Livingston’s turn was as impressive as anyone’s. Calipari was visibly frustrated with him in the first half. After one defensive lapse, he yanked him from the game. A short time later, Livingston committed a turnover and Calipari took him out again, clearly agitated with the freshman. He went into the halftime locker room with zero points on zero shots in 12 minutes of play.
Calipari challenged him to be better in the second half. To play team basketball and lose himself in that approach.

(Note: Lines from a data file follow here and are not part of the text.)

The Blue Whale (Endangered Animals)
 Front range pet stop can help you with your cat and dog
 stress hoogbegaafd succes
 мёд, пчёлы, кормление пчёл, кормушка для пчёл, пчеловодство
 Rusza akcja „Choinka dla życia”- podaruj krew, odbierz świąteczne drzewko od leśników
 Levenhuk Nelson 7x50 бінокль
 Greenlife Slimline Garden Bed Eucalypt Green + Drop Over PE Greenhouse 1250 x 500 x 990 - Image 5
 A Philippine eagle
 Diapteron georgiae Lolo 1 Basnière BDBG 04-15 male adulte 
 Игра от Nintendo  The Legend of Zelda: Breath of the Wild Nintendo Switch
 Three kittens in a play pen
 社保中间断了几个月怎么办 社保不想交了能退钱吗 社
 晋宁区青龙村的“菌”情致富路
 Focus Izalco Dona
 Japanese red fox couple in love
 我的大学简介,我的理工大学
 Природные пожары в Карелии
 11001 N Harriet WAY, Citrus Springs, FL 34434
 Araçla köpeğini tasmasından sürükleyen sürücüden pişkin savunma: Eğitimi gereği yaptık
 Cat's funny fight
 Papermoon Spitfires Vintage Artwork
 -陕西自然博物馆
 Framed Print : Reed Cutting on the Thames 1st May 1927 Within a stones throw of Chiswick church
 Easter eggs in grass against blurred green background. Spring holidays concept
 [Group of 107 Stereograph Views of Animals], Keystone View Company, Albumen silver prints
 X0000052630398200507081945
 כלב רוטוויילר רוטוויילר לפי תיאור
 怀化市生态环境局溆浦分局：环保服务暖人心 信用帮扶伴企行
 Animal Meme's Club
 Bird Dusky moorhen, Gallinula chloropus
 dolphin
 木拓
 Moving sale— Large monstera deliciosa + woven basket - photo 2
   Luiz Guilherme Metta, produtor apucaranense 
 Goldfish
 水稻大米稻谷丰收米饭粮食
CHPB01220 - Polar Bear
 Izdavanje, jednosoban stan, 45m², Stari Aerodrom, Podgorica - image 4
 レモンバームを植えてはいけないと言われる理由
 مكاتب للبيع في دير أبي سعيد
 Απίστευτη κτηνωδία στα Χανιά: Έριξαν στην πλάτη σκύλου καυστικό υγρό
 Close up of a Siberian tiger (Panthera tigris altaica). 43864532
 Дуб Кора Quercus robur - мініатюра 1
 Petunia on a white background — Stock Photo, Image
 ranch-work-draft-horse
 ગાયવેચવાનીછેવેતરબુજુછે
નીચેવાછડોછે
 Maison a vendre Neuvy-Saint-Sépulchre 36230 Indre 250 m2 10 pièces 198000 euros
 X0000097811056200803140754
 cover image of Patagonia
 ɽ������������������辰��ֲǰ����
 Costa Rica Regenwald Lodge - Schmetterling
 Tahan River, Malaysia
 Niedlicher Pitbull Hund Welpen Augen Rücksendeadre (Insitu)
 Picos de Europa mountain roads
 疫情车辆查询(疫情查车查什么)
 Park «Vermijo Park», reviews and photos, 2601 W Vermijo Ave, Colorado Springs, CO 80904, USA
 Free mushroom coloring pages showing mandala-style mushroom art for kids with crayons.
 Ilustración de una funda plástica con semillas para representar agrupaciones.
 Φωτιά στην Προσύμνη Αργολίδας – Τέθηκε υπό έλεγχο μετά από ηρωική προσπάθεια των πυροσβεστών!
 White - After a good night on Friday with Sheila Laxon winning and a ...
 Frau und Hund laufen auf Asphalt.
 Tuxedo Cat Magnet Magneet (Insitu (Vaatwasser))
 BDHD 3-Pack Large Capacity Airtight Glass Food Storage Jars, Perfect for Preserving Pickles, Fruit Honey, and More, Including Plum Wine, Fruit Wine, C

“That’s just how Cal is — holding me to a high standard, being hard on me, expecting much more out of myself than I’m doing in the game,” Livingston said. “That’s his job. In the second half, I just knew I had to play harder and make some plays to make up for how I played in that first half.”
His stat line in the second half: 13 points, three rebounds, two steals, one blocked shot and 6-for-6 from the free-throw line. He played the entire 20 minutes. And with Kentucky leading by two points and less than 10 seconds remaining, Reeves missed a three and Livingston came up with the rebound. He got fouled and made the two free throws.
“Chris was an all-star today,” Calipari said. “I was really proud of him.”
Oh, and Oscar Tshiebwe led Kentucky with 18 points and 11 rebounds, making three of four free throws in the final seconds and setting the tone for UK’s utter domination of Mississippi State on the boards. The Cats had 38 rebounds to the Bulldogs’ 22. UK got 18 second-chance points off 18 offensive rebounds, while MSU came up with just 15 defensive boards.
The fact that Tshiebwe — the national player of the year — was just another cog in the Cats’ machine Wednesday night was telling of the collective effort.
“It just shows that we’re a deep team,” Toppin said. “When we lock in and dial into the game plan — to what we have to do in order to win — we can beat anybody in the country. So we gotta just stay true to that and stay true to ourselves and understand what we have to do individually to help this team win.”
Kentucky has five more games in this regular season. Five more chances to make an impression on the NCAA selection committee and college basketball at large. It starts with Tennessee in Rupp Arena on Saturday afternoon. Quad 1 matchups with Florida, Auburn and Arkansas are also on that slate, along with a home game against Vanderbilt.
“Five games. That’s what we got,” Calipari said. “We’ve got five to go. Who’s ready to play? Who’s ready to fight? Refuse to lose. Do what you gotta do for the team.”
On Wednesday night, with some Wildcats out, others hobbled and every one of them exhausted, Kentucky found a way to win. At this point in the season, that’s all that matters.
“That’s one thing about this team: we’re never gonna back down,” Toppin said. “We’re in a hole right now, and we’re gonna dig out of it. Best believe we’re gonna dig out of it. We’re a great group of guys who’s gonna stick together, and we’re gonna continue to fight ’til the end. No matter the outcome.
“We’re gonna figure this out. We’re gonna turn this around. And it started today.”
Next game
No. 10 Tennessee at Kentucky
When: 1 p.m. Saturday
TV: CBS-27
Radio: WLAP-AM 630, WBUL-FM 98.1
Records: Tennessee 20-6 (9-4 SEC), Kentucky 17-9 (8-5)
Series: Kentucky leads 159-77
Last meeting: Kentucky won 63-56 on Jan. 14, 2023, in Knoxville, Tenn.